You’ll recall that in the lecture notes, we defined a geometric distribution with parameter \(p\) to be the number of trials up to and including the first success. So if \(X \sim \text{Geom}(p)\), then \[ p_X(x) = \mathbb{P}(X = x) = (1 - p)^{x - 1} p . \] However, R uses an alternative definition, where a geometric distribution \(Y\) is the number of failures before the first success, so \[ p_Y(y) = \mathbb{P}(Y = y) = (1 - p)^{y} p . \]

So:

To find the PMF \(p_X(x)\) under our definition, you need dgeom(x - 1, p).
To find the CDF \(F_X(x)\) under our definition, you need pgeom(x - 1, p).
To find the quantile function under our definition, you need qgeom(f, p) + 1.
To sample random numbers under our definition, you need rgeom(n, p) + 1

You may find it helpful to create new functions by running the following code block (that you don’t need to understand).

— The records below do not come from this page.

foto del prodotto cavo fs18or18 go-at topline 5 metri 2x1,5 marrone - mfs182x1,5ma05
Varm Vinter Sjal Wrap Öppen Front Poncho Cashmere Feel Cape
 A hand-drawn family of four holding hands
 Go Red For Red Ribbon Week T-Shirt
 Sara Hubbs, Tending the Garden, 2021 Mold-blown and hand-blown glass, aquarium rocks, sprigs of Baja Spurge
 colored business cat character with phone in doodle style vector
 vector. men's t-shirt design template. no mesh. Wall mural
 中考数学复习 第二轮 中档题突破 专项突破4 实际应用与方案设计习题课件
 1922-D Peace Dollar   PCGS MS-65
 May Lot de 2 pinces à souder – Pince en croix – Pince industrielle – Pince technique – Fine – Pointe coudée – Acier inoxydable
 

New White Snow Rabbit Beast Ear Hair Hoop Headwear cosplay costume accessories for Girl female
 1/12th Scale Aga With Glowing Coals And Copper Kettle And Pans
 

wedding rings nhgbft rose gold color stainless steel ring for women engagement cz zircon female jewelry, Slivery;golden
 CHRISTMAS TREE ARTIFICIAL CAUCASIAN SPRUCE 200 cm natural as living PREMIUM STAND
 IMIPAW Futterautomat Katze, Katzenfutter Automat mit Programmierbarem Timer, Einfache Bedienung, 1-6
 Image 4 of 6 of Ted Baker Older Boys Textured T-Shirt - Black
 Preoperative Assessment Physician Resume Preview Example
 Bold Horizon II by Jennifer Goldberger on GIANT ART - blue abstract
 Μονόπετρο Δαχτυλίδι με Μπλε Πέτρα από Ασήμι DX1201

dgeomalt <- function(x, prob, log = FALSE) {
  dgeom(x - 1, prob, log = log)
}

pgeomalt <- function(q, prob, lower.tail = TRUE, log.p = FALSE) {
  pgeom(q - 1, prob, lower.tail = lower.tail, log.p = log.p)
}

qgeomalt <- function(p, prob, lower.tail = TRUE, log.p = FALSE) {
  qgeom(p, prob, lower.tail = lower.tail, log.p = log.p) + 1
}

rgeomalt <- function(n, prob) {
  rgeom(n, prob) + 1
}

This will temporarily create new functions dgeomalt(), pgeomalt(), qgeomalt(), rgeomalt() that work the way we prefer.

Exercise 7.6. Let \(X \sim \text{Geom}(0.2)\) under the “number of trials up to and including the first success” definition used in the MATH1710 lectures. Calculate:
(a) \(\mathbb P(X = 20)\), rounded to two significant figures;
(b) \(\mathbb P(X \geq 10)\).
(c) How many trials are required to give us a 95% chance of seeing a success?

Assessed questions

The following five assessed questions should be submitted via this Microsoft Form. I recommend you do this in Week 7, but the official deadline is Monday 21 November at 1400.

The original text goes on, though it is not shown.